Short web captions
· · · ·

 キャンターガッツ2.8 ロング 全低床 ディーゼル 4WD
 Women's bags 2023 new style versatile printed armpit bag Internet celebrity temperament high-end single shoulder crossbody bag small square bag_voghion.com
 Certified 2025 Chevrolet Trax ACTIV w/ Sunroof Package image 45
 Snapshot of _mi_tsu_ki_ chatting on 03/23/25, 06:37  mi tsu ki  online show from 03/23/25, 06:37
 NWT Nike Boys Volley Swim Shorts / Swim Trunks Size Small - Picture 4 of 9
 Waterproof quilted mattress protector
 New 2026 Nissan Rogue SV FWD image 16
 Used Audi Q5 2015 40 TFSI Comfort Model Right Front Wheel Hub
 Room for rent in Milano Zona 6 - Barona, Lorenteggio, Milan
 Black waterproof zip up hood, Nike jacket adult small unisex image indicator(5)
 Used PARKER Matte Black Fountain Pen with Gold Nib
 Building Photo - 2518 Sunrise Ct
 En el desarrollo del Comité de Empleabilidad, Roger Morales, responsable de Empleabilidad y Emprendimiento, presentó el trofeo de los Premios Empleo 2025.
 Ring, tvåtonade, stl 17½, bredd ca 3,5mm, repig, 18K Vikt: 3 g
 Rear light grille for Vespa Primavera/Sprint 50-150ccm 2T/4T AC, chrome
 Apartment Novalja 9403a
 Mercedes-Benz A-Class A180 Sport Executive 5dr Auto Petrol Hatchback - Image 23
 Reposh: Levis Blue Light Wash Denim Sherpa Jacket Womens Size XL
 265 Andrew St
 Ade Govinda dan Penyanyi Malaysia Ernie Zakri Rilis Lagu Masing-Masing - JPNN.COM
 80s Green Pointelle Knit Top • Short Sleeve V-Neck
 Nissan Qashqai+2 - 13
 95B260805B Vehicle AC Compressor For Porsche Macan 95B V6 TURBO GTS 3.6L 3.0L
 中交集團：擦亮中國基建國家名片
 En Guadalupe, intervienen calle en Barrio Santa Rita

· · · ·

Required work:
Without any alteration, repeat each entry shown above.

Exercise output:
 キャンターガッツ2.8 ロング 全低床 ディーゼル 4WD
 Women's bags 2023 new style versatile printed armpit bag Internet celebrity temperament high-end single shoulder crossbody bag small square bag_voghion.com
 Certified 2025 Chevrolet Trax ACTIV w/ Sunroof Package image 45
 Snapshot of _mi_tsu_ki_ chatting on 03/23/25, 06:37  mi tsu ki  online show from 03/23/25, 06:37
 NWT Nike Boys Volley Swim Shorts / Swim Trunks Size Small - Picture 4 of 9
 Waterproof quilted mattress protector
 New 2026 Nissan Rogue SV FWD image 16
 Used Audi Q5 2015 40 TFSI Comfort Model Right Front Wheel Hub
 Room for rent in Milano Zona 6 - Barona, Lorenteggio, Milan
 Black waterproof zip up hood, Nike jacket adult small unisex image indicator(5)
 Used PARKER Matte Black Fountain Pen with Gold Nib
 Building Photo - 2518 Sunrise Ct
 En el desarrollo del Comité de Empleabilidad, Roger Morales, responsable de Empleabilidad y Emprendimiento, presentó el trofeo de los Premios Empleo 2025.
 Ring, tvåtonade, stl 17½, bredd ca 3,5mm, repig, 18K Vikt: 3 g
 Rear light grille for Vespa Primavera/Sprint 50-150ccm 2T/4T AC, chrome
 Apartment Novalja 9403a
 Mercedes-Benz A-Class A180 Sport Executive 5dr Auto Petrol Hatchback - Image 23
 Reposh: Levis Blue Light Wash Denim Sherpa Jacket Womens Size XL
 265 Andrew St
 Ade Govinda dan Penyanyi Malaysia Ernie Zakri Rilis Lagu Masing-Masing - JPNN.COM
 80s Green Pointelle Knit Top • Short Sleeve V-Neck
 Nissan Qashqai+2 - 13
 95B260805B Vehicle AC Compressor For Porsche Macan 95B V6 TURBO GTS 3.6L 3.0L
 中交集團：擦亮中國基建國家名片
 En Guadalupe, intervienen calle en Barrio Santa Rita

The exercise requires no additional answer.